Sidney Bernstein’s later years

Well, I think it was as well that a lot of that happened after he was really aware of what was going on. I think, you know, all good things come to an end. There were lots of external factors that were involved in the changes to the independent broadcasting scene. Not all of it was bad, and of course how Steve Morrison so eloquently explained in his segment, his participation in your day, a lot of the programme making excellence that was part of Granada continues to this day, not withstanding that there isn’t an independent broadcasting franchise under that brand. But a lot of that was painful for the people who were involved in the group as a whole, I know, and certainly I am pleased that my father wasn’t aware of all of that decline, because he was involved in his own decline; he was a physically enormously powerful and strong man all of his life, and sadly he had a series of small strokes and then a large stroke and was incapacitated.

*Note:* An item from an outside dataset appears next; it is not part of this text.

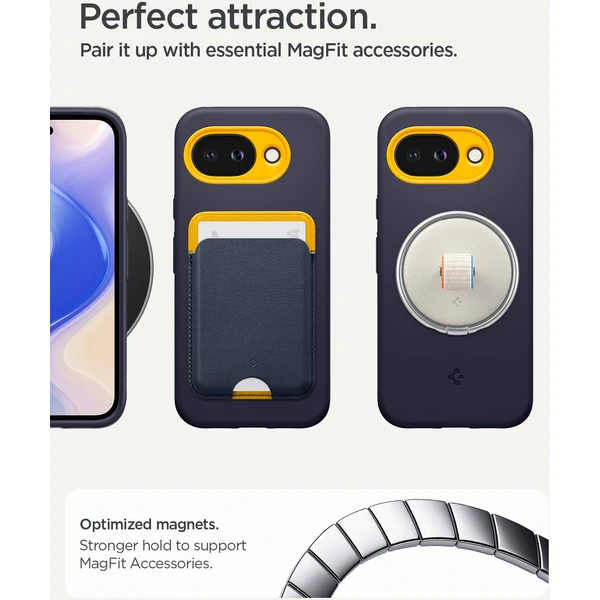 Spigen Nano Pop MagSafe kryt Google Pixel 10a blueberry navy - Pouzdra - Obrázek 8c3094078ee849a8ae91a11f89242ba6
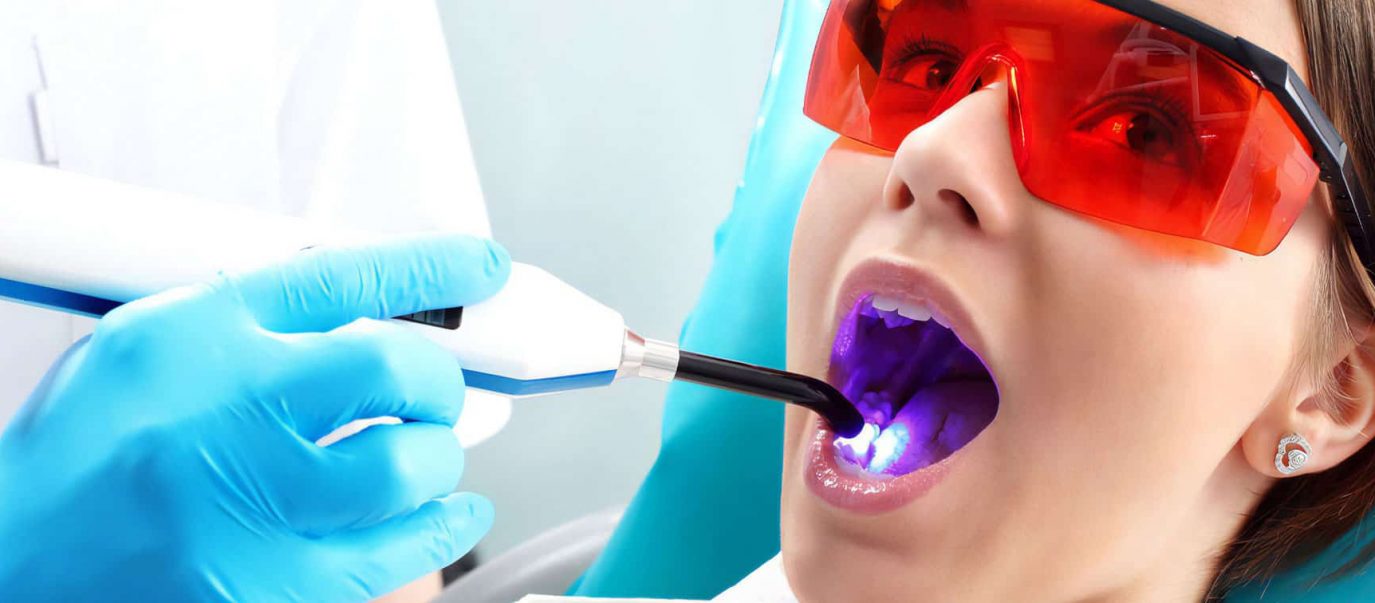 Laser Dentistry — Advanced Dental Southern Highlands In Moss Vale, NSW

He, as I said earlier, outlived his much-younger wife, and eventually died aged 94, just a week or so after his 94th birthday, and the last thing he had left was this extraordinary grip in his hand, and I rushed back to London at the very end of his life, when he was no longer eating or drinking and was very close to the end, and I got back on a Thursday morning and he died at 6pm that evening, and I arrived and he took my hand and he gave me this hugely powerful squeeze of my hand, just hours before he died, he still had this great vigour of some sort, even to the end. [It was] hard for him to let go, but he did eventually.